Willian Lara wouldn’t recognize a public service broadcast if it bit him in the ass

Quico says: Every so often I catch myself almost thinking the government has a point: Venezuela has not been well served by its media culture over the years. How wonderful it would be if we could really reform the media, make it truly serve the public interest, really democratize it! Shouldn’t we at least give the government a chance to do things differently?

At times like that, I pull myself together by clicking onto VTV’s website, or RNV’s. Because all the government’s pious intentions dissolve into a deep dark void of meaninglessness within 20 seconds of browsing through the official media. The tone of relentless, open propagandism, the absence of even a pretense of balance, the outright refusal to give the other side its say marks just about every story in the official media – to an extent that’s just incommensurable with the way the private media operates.

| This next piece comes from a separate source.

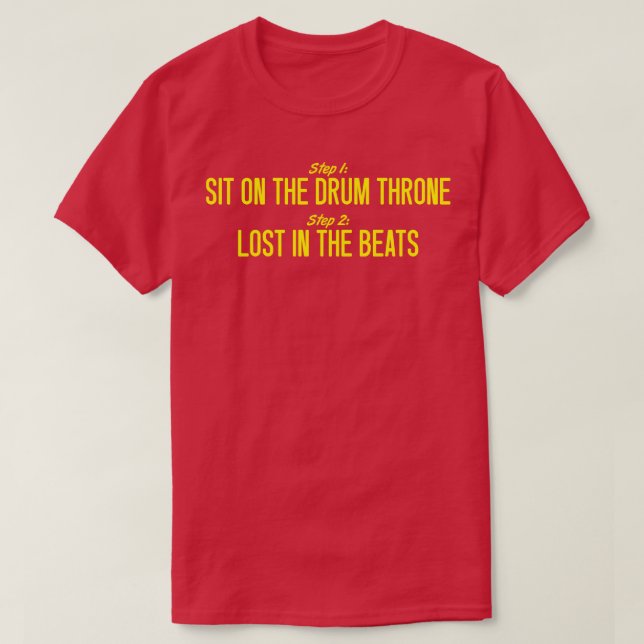 Drummer Step 1 Sit On The Drum Throne T-Shirt (Design Front)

This is not to say that the private media is actually fair – heavens! – but we are talking apples and oranges here. In the private media, bias comes in mostly in terms of the stories chosen for particular attention. Opposition media seldom cover and never highlight stories that reflect well on the government or badly on its critics. But once a reporter is sent out on the beat, he sees his task mainly as telling you what actually happened. Stories about the government are often reported “straight,” without adjectives, and relying largely on official statements. If there’s a court case, reporters set out the facts of the case, if there’s a march, they’ll show you more or less what happened in the march. The level of attention dedicated to events is very often out of proportion to their importance, so the anti-government editorial bias is not really in question. But the stories themselves are usually a reasonable facsimile of journalism.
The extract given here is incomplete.